# taz.de -- Abrechnung von EU-Projekten: Brüssel heizt Berlin ein
       
       > Weil es Probleme bei der Abrechnung von EU-Projekten gibt, hat Brüssel
       > gegen Berlin ein Prüfungsverfahren eingeleitet. Wirtschaftssenator Wolf
       > gelobt Besserung.
       
 (IMG) Bild: Probleme mit der Bürokratie? Kann bei EU-Dingen schon mal passieren - darf aber nicht.
       
       Brüssel hat Berlin die gelbe Karte gezeigt. Weil es bei der Abrechnung von
       EU-Projekten seit Jahren zu gravierenden Problemen kommt, hat die
       EU-Kommission, wie erst jetzt bekannt wurde, gegen den Senat im August 2010
       ein sogenanntes Präsuspendierungsverfahren eingeleitet. Außerdem hat die
       Kommission die Wirtschaftsprüfungsgesellschaft Deloitte mit einer Prüfung
       des Berliner Umgangs mit Mitteln aus dem Europäischen Sozialfonds (ESF)

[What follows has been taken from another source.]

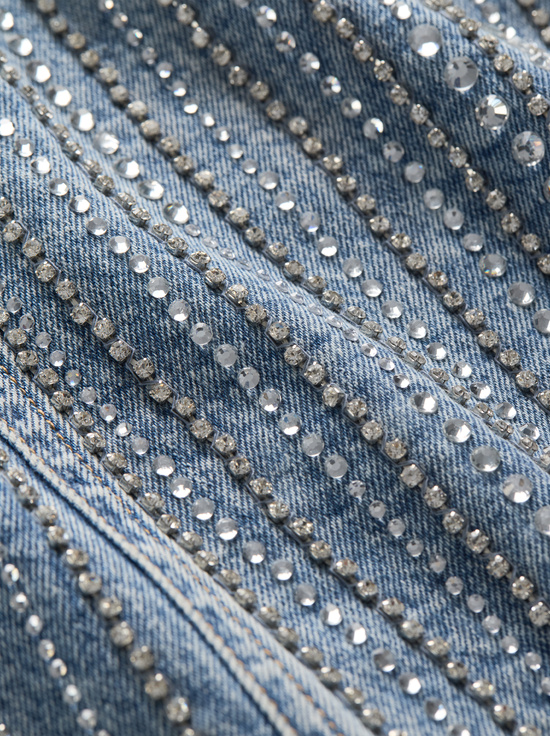 FIONA VINTAGE BLUE-KIERA EMBELLISHED DENIM MINI SKIRT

       beauftragt. Dies geht aus einem Protokoll der Senatswirtschaftsverwaltung
       hervor, das der taz vorliegt.
       
       Den Prüfbericht der EU-Kommission gibt es inzwischen - und auch da wird
       Berlin kein gutes Zeugnis ausgestellt. So bewertete die Prüfgesellschaft
       das sogenannte Operationelle Programm mit der kritischen Note 3. Diese
       zweitschlechteste Note bedeutet eigentlich den sofortigen Stopp des
       Geldflusses aus Brüssel. Dass es in Berlin - anders als in Brandenburg - zu
       keiner Mittelsperre kam, lag daran, dass Berlin für die Zukunft
       Verbesserungen versprach. In Brandenburg hatte die EU-Kommission im Februar
       300 Millionen Euro aus dem Strukturfonds Efre auf Eis gelegt.
       
       Mit seinem "Operationellen Programm" will Berlin mithilfe der ESF-Mittel
       Benachteiligungen auf dem Arbeitsmarkt sowie soziale Schieflagen
       ausgleichen und "mehr Wachstum und Beschäftigung" erzielen. Dazu flossen in
       der Förderperiode 2000 bis 2006 insgesamt 530 Millionen Euro nach Berlin.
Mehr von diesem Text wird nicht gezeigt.